The Association of Autonomous Astronauts is a worldwide network of community-based groups dedicated to building their own spaceships. The AAA was founded 23 April 1995. Although many of their activities were reported as serious participation in conferences or protests against the militarization of space, some were also considered art pranks, media pranks, or elaborate spoof. The AAA had numerous local chapters which operated independently of one another, with the AAA effectively operating as a collective pseudonym along the lines of Luther Blissett (nom de plume).

The Association's ostensible five-year mission, a reference to Star Trek, was to "establish a planetary network to end the monopoly of corporations, governments and the military over travel in space". Artists who became involved were often connected to the zine scene or mail art movements. The five-year mission's completion was marked at the 2000 Fortean Times conference. Some chapters have continued activities to the present day. Several AAAers have experienced zero-gravity training flights.

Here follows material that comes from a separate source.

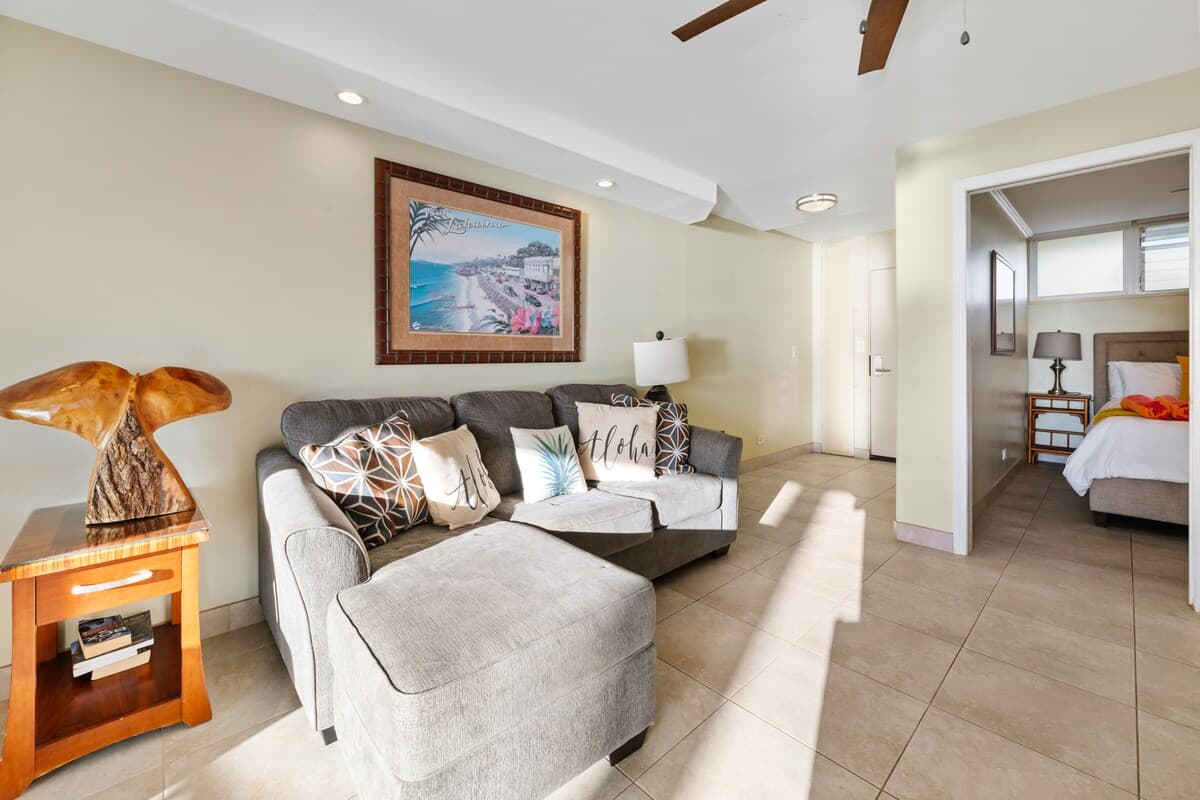 Honokowai 1BR Oceanfront Condo Walk 2 Shops Dining - Photo 5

The writer Tom Hodgkinson described participants as "a loose bunch of Marxists, futurists, and revolutionaries on the dole", going on to explicate their mission as "reclaim[ing] the idea of space travel for the common man". To the AAA, he said, "space travel represented an ideal of freedom". Annick Bureaud of Leonardo/OLATS viewed their work as "space art" that "combine[d] freely space, cyberspace, raves, esoteric things, techno-music, etc.", calling attention to "how they recycle ... key images (the MIR Space Station, the astronauts on the Moon, etc.) ... mixed with science-fiction (and specially Star Trek) buzz-words or images" and then subjected these "sacred icons" to "iconoclastic treatments".

In his book Unleashing the Collective Phantoms, the theorist Brian Holmes said of the AAA: "The ideas sound fantastic, but the stakes are real: imagining a political subject within the virtual class, and therefore, within the economy of cultural production and intellectual property that had paralyzed the poetics of resistance."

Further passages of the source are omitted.